The task:
Pictures are not part of the answer. Write out exactly the lines from the one containing "фото отеля River Lily Inn Bed and Breakfast" through the end of the material below.
*** Data block ***
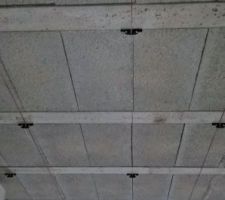 Attaches du plafond installées au laser.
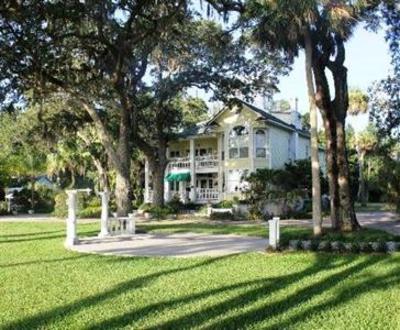 фото отеля River Lily Inn Bed and Breakfast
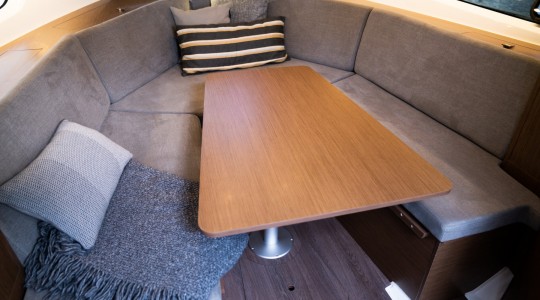 gran_turismo_32_foto_catalogo_beneteau_gran_turismo_32_ib_10_cabina_convertible_mesa.JPG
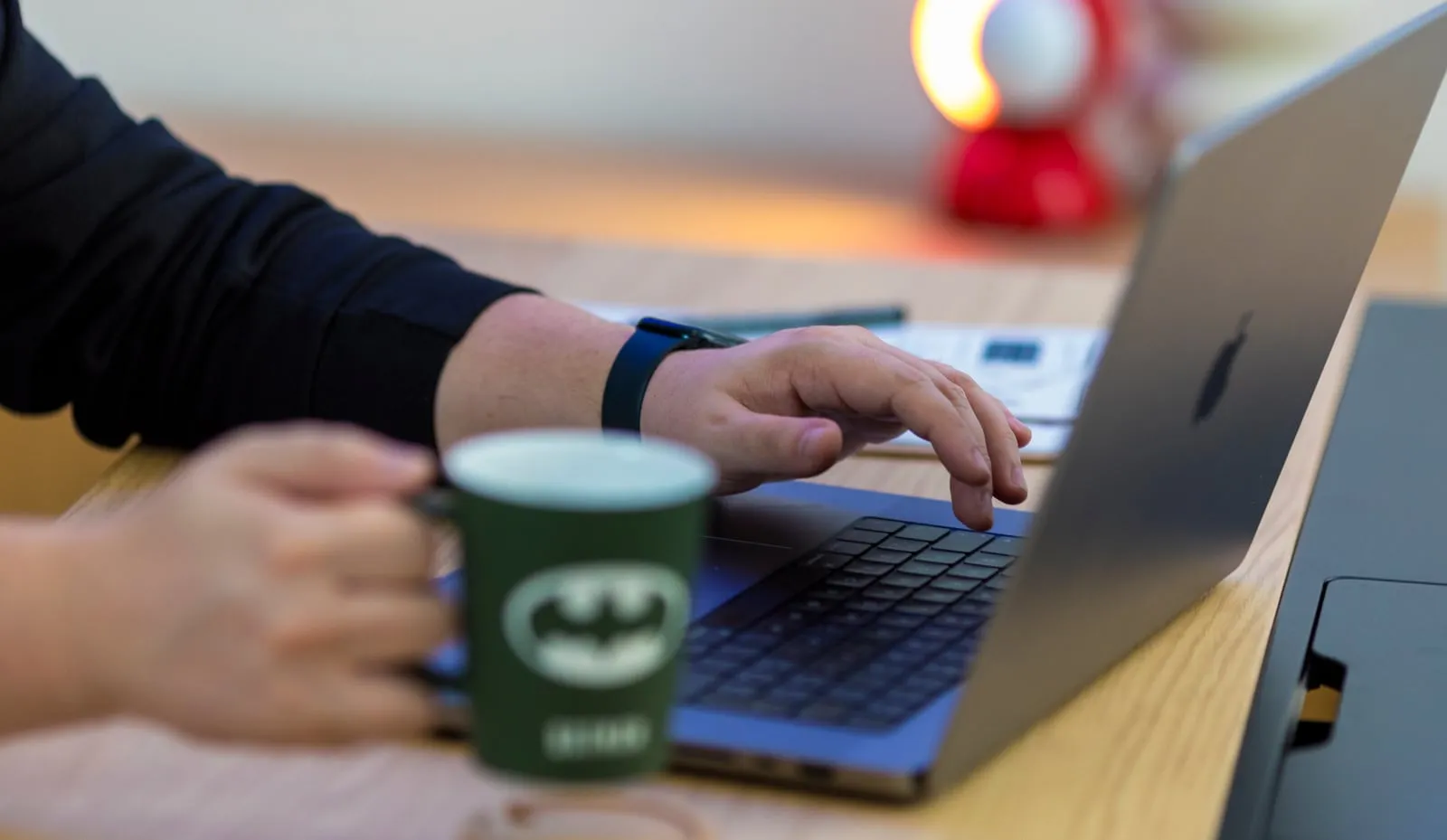 Lavoro al computer portatile con una tazza di caffè sulla scrivania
***
Solution to this problem:
 фото отеля River Lily Inn Bed and Breakfast
 gran_turismo_32_foto_catalogo_beneteau_gran_turismo_32_ib_10_cabina_convertible_mesa.JPG
 Lavoro al computer portatile con una tazza di caffè sulla scrivania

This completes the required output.